* [What to do] Below is a set of entries; copy all of them exactly.

══════════

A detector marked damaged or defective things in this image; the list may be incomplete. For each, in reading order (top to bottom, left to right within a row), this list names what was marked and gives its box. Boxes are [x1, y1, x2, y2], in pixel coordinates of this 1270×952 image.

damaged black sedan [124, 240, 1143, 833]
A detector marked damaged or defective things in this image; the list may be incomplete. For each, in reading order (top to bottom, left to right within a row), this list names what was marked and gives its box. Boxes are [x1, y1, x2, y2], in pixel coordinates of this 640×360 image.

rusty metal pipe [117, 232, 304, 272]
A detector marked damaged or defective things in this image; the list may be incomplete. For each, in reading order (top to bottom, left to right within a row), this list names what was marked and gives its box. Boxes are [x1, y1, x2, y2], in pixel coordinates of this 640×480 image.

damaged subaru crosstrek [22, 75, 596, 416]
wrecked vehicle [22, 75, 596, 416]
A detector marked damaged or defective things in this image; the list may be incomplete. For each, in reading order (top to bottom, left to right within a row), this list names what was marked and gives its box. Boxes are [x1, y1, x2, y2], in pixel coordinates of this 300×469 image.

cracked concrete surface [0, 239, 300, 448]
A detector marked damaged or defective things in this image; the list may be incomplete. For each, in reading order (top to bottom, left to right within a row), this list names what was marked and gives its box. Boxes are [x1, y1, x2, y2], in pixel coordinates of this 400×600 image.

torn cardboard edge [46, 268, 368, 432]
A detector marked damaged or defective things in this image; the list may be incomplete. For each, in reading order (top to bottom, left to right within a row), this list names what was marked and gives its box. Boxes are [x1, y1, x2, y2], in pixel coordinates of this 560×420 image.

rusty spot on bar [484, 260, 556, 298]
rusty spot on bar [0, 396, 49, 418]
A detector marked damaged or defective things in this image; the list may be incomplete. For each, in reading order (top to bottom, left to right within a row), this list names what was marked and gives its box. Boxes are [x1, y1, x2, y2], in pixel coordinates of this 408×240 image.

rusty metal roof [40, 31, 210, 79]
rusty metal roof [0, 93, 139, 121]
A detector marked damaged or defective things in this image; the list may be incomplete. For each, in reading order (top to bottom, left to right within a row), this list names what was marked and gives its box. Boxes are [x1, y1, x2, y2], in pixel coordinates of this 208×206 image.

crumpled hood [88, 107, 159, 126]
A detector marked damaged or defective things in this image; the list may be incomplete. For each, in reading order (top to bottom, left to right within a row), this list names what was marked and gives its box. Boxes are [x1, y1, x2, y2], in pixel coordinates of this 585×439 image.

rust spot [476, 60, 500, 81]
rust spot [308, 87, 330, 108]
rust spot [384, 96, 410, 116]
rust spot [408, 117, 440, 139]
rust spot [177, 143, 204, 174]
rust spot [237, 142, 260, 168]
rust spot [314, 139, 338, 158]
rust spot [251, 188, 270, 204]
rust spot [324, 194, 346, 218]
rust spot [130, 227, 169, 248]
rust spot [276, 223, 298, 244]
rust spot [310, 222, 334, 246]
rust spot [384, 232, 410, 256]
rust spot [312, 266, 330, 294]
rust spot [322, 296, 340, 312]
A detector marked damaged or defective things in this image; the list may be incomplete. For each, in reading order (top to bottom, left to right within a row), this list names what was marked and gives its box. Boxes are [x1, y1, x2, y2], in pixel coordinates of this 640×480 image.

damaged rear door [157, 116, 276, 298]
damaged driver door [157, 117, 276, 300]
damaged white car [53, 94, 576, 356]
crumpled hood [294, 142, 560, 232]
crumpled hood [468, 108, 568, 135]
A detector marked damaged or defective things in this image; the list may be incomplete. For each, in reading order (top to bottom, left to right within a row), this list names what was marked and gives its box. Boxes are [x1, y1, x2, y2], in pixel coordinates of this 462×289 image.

══════════

* [Finished exercise]
A detector marked damaged or defective things in this image; the list may be incomplete. For each, in reading order (top to bottom, left to right within a row), this list names what was marked and gives its box. Boxes are [x1, y1, x2, y2], in pixel coordinates of this 1270×952 image.

damaged black sedan [124, 240, 1143, 833]
A detector marked damaged or defective things in this image; the list may be incomplete. For each, in reading order (top to bottom, left to right within a row), this list names what was marked and gives its box. Boxes are [x1, y1, x2, y2], in pixel coordinates of this 640×360 image.

rusty metal pipe [117, 232, 304, 272]
A detector marked damaged or defective things in this image; the list may be incomplete. For each, in reading order (top to bottom, left to right within a row), this list names what was marked and gives its box. Boxes are [x1, y1, x2, y2], in pixel coordinates of this 640×480 image.

damaged subaru crosstrek [22, 75, 596, 416]
wrecked vehicle [22, 75, 596, 416]
A detector marked damaged or defective things in this image; the list may be incomplete. For each, in reading order (top to bottom, left to right within a row), this list names what was marked and gives its box. Boxes are [x1, y1, x2, y2], in pixel coordinates of this 300×469 image.

cracked concrete surface [0, 239, 300, 448]
A detector marked damaged or defective things in this image; the list may be incomplete. For each, in reading order (top to bottom, left to right within a row), this list names what was marked and gives its box. Boxes are [x1, y1, x2, y2], in pixel coordinates of this 400×600 image.

torn cardboard edge [46, 268, 368, 432]
A detector marked damaged or defective things in this image; the list may be incomplete. For each, in reading order (top to bottom, left to right within a row), this list names what was marked and gives its box. Boxes are [x1, y1, x2, y2], in pixel coordinates of this 560×420 image.

rusty spot on bar [484, 260, 556, 298]
rusty spot on bar [0, 396, 49, 418]
A detector marked damaged or defective things in this image; the list may be incomplete. For each, in reading order (top to bottom, left to right within a row), this list names what was marked and gives its box. Boxes are [x1, y1, x2, y2], in pixel coordinates of this 408×240 image.

rusty metal roof [40, 31, 210, 79]
rusty metal roof [0, 93, 139, 121]
A detector marked damaged or defective things in this image; the list may be incomplete. For each, in reading order (top to bottom, left to right within a row), this list names what was marked and gives its box. Boxes are [x1, y1, x2, y2], in pixel coordinates of this 208×206 image.

crumpled hood [88, 107, 159, 126]
A detector marked damaged or defective things in this image; the list may be incomplete. For each, in reading order (top to bottom, left to right within a row), this list names what was marked and gives its box. Boxes are [x1, y1, x2, y2], in pixel coordinates of this 585×439 image.

rust spot [476, 60, 500, 81]
rust spot [308, 87, 330, 108]
rust spot [384, 96, 410, 116]
rust spot [408, 117, 440, 139]
rust spot [177, 143, 204, 174]
rust spot [237, 142, 260, 168]
rust spot [314, 139, 338, 158]
rust spot [251, 188, 270, 204]
rust spot [324, 194, 346, 218]
rust spot [130, 227, 169, 248]
rust spot [276, 223, 298, 244]
rust spot [310, 222, 334, 246]
rust spot [384, 232, 410, 256]
rust spot [312, 266, 330, 294]
rust spot [322, 296, 340, 312]
A detector marked damaged or defective things in this image; the list may be incomplete. For each, in reading order (top to bottom, left to right within a row), this list names what was marked and gives its box. Boxes are [x1, y1, x2, y2], in pixel coordinates of this 640×480 image.

damaged rear door [157, 116, 276, 298]
damaged driver door [157, 117, 276, 300]
damaged white car [53, 94, 576, 356]
crumpled hood [294, 142, 560, 232]
crumpled hood [468, 108, 568, 135]
A detector marked damaged or defective things in this image; the list may be incomplete. For each, in reading order (top to bottom, left to right within a row), this list names what was marked and gives its box. Boxes are [x1, y1, x2, y2], in pixel coordinates of this 462×289 image.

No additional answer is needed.